ETL pipeline and Data Modeling with PostgreSQL

Project in Data Engineer Nanodegree Course by Udacity

Project Introduction

A startup called Sparkify wants to analyze the data they've been collecting on songs and user activity on their new music streaming application. The analytics team is particularly interested in understanding what songs users are listening to. Currently, they don't have an easy way to query their data, which resides in a directory of JSON logs on user activity on the application, as well as a directory with JSON meta-data on the songs in their app.

They'd like a data engineer to create a Postgres database with tables designed to optimize queries on song play analysis. The role of this project is to create a database schema with fact and dimension tables and ETL pipeline for this analysis.

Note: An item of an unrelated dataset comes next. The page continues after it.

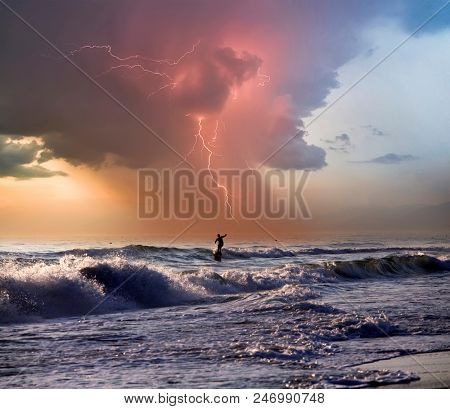 Silhouette of surfers on wave, stormy sky in the background
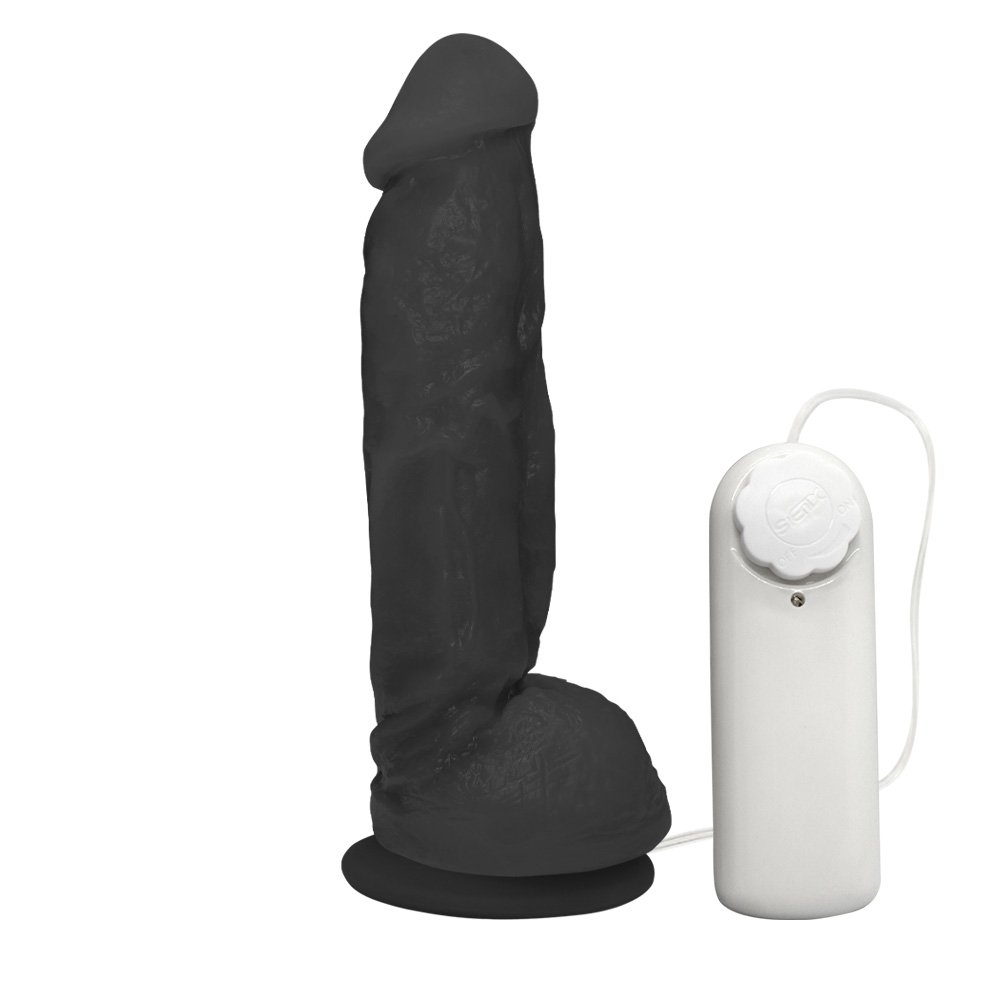 Vista lateral do P�nis Real�stico Feito em PVC Flex�vel com Escroto, Vibrador e Ventosa King 19 x 5cm Preto evidenciando espessura, curvatura e propor��o do produto, com o controle de vibra��o ao lado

The goal is to model the data with Postgres and build an ETL pipeline using Python.

Datasets

Song Dataset

The dataset is a subset of Million Song Dataset. Each file in the dataset is in JSON format and contains meta-data about a song and the artist of that song.

Sample :

{"num_songs": 1, "artist_id": "ARJIE2Y1187B994AB7", "artist_latitude": null, "artist_longitude": null, "artist_location": "", "artist_name": "Line Renaud", "song_id": "SOUPIRU12A6D4FA1E1", "title": "Der Kleine Dompfaff", "duration": 152.92036, "year": 0}

#### Log Dataset Logs dataset containes log files, it was generated using [Event Simulator](https://github.com/Interana/eventsim). The files are in JSON format and simulate activity logs from a music streaming application based on specified configurations.

Sample:

{"artist": null, "auth": "Logged In", "firstName": "Walter", "gender": "M", "itemInSession": 0, "lastName": "Frye", "length": null, "level": "free", "location": "San Francisco-Oakland-Hayward, CA", "method": "GET","page": "Home", "registration": 1540919166796.0, "sessionId": 38, "song": null, "status": 200, "ts": 1541105830796, "userAgent": "\"Mozilla\/5.0 (Macintosh; Intel Mac OS X 10_9_4) AppleWebKit\/537.36 (KHTML, like Gecko) Chrome\/36.0.1985.143 Safari\/537.36\"", "userId": "39"}

Database Schema Design

Database Entity Relationship Diagram

In this project we used the Star Schema with Song Plays as a fact table. It contains all the metrics of the events (user actions). The dimension tables contain about the user, artist, songs and time.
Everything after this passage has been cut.